У моего молодого и простодушного критика, которому я, конечно же, не стал объяснять, что писатель имеет право на вымысел, оказались искушенные в литературе сторонники. Если вы откроете последние номера «Нового мира» за 1975 год, то в традиционном анонсе на год следующий прочтете, что редакция наряду с новыми романами Федора Абрамова, Чингиза Айтматова, Владимира Богомолова намерена опубликовать повесть Киреева «Посещение».

Анонс появился вопреки воле заместителя главного редактора поэта-фронтовика Михаила Львова, который считал, что автор оклеветал его боевых товарищей. С ним не соглашался другой заместитель, тоже фронтовик, прозаик Олег Смирнов. Спор их мог разрешить только главный редактор, опять-таки фронтовик, и разрешил – в пользу повести, однако в журнале она выйти не успела: опередила книга.

Критика писала о ней доброжелательно, хотя и скупо. Вопрос, правда это или неправда и уж тем более клевета или не клевета – вообще не затрагивался. Но меня до сих пор мучает, что я не сумел тогда ответить сыну своего героя, который в моем сознании живет, разумеется, как реальный человек. Конечно, он не совершал всего того, что описано в повести, но ведь мог совершить, мог, хватило бы сил и отваги (у меня б не хватило), и я, повторяю, им восхищаюсь. Восхищаюсь неустанным, изо дня в день, из года в год проявлением силы жизни и любви к жизни – той самой силы и той самой любви, которых лично мне подчас остро недостает.

Не только мне.
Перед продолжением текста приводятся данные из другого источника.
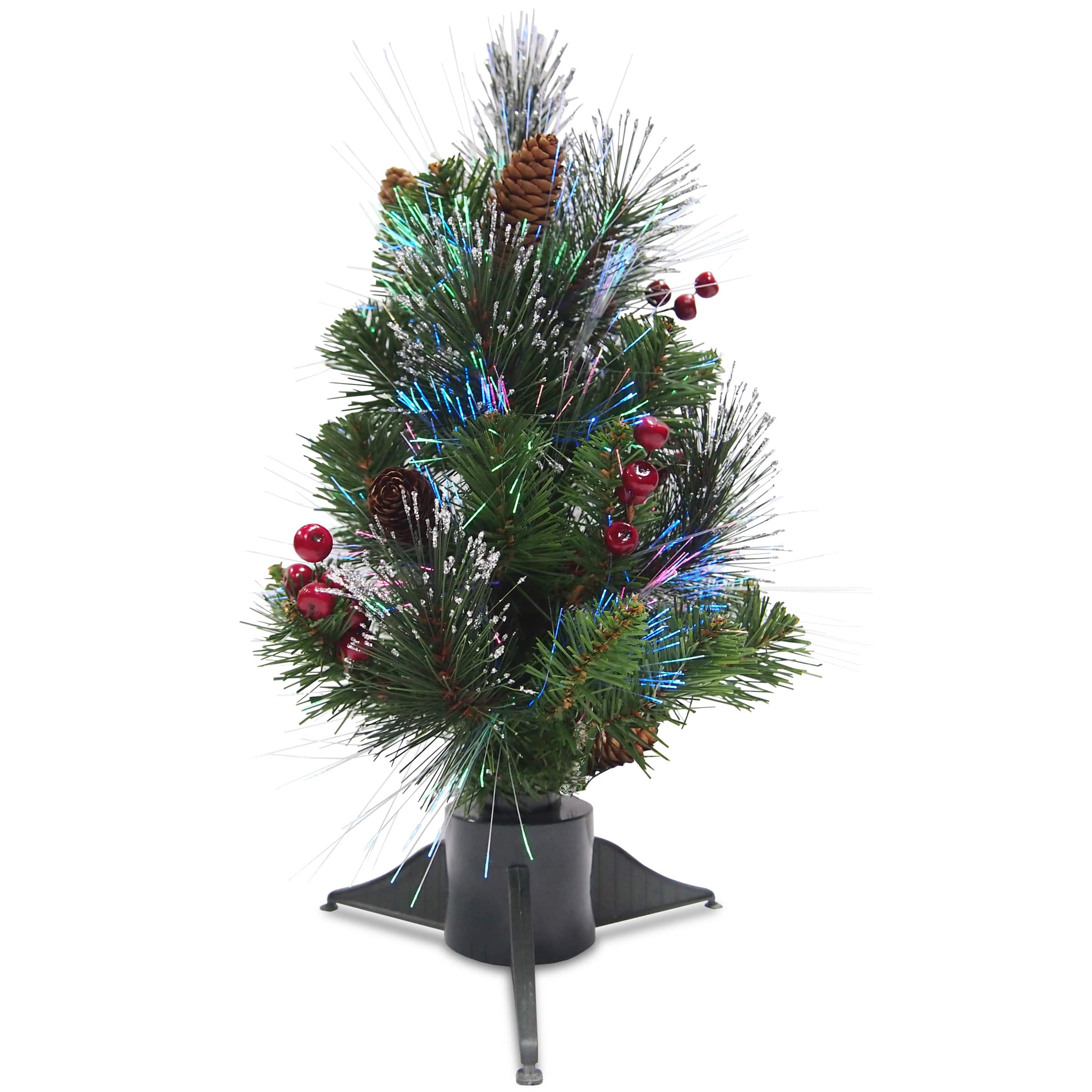 18" Fiber Optic Color Changing Ice Crestwood Artificial Christmas Tree with Silver Bristle, Pineones, Red Berries & Glitter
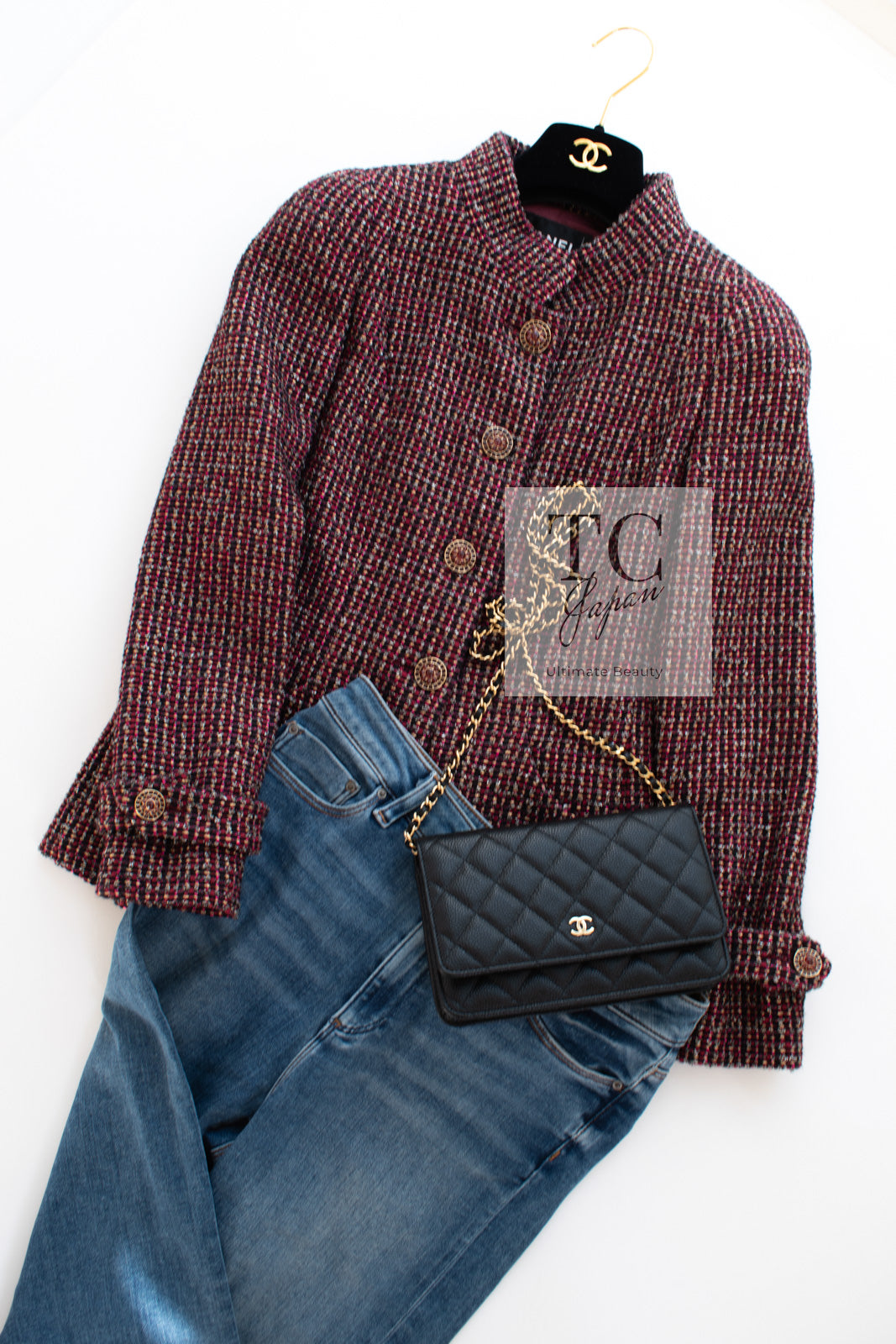 CHANEL 12PF Burgundy Wine Red Griopix Jacket Skirt Suit 34 シャネル バーガンディー ワイン レッド グリポア宝石ボタン ジャケット スカート スーツ 即発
Задолго до своей первой Малеевки я наткнулся, не помню уж где, на стихотворение, которое мгновенно отпечаталось в моей памяти, тогда еще весьма хваткой. Это было стихотворение о поэте, который, возвращаясь во хмелю домой, увидел в подворотне замерзающего пса, привел его к себе, вылечил, откормил, и в благодарность пес в один прекрасный день вытащил из воды вздумавшую утопиться девицу. Поэт и ее пригрел, и девица – тоже, надо полагать, в благодарность – в ту же ночь родила великолепного сына.

Могло ли все это быть в реальности? Вряд ли, но поэтическая реальность живее и животворней реальности житейской, будничной, вот только как я мог объяснить это далекому от литературы человеку? Какими словами должен был растолковать, что привидевшиеся мне в крохотной малеевской комнате приключения его отца вовсе не напраслина, которую писатель безнаказанно возводит на своего героя, а правда? Пусть она не проявилась в действительности, как не проявляется фотопленка, если не погрузить ее в соответствующий раствор, но ведь содержащаяся на пленке информация не становится от этого менее достоверной.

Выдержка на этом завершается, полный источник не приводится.